WORK INSTRUCTION: Lines before the one containing "Sole E35 flywheel" are left out; copy that line and every later line through the end of the data exactly.

··· INPUT

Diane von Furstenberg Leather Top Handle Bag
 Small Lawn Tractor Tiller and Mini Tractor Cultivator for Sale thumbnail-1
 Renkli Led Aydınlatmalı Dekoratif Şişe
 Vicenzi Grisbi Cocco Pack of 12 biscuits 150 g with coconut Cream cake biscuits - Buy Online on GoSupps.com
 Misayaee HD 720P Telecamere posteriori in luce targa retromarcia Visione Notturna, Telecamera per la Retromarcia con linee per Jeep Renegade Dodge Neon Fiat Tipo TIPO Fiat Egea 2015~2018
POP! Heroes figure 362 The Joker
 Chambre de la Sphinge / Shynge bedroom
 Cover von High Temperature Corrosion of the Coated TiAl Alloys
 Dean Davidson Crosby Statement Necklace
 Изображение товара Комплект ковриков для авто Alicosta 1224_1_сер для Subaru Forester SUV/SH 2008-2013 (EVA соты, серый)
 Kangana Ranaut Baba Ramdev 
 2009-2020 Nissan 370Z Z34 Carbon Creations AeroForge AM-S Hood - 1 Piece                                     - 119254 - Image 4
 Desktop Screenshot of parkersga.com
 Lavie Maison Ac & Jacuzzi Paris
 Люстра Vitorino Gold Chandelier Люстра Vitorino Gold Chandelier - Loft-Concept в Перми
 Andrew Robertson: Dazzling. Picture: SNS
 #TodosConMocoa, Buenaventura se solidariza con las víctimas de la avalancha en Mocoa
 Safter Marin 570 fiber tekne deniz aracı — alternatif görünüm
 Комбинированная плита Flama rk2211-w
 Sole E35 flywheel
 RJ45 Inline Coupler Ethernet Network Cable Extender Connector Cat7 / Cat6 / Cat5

······

REPLY TO THE EXERCISE:
 Sole E35 flywheel
 RJ45 Inline Coupler Ethernet Network Cable Extender Connector Cat7 / Cat6 / Cat5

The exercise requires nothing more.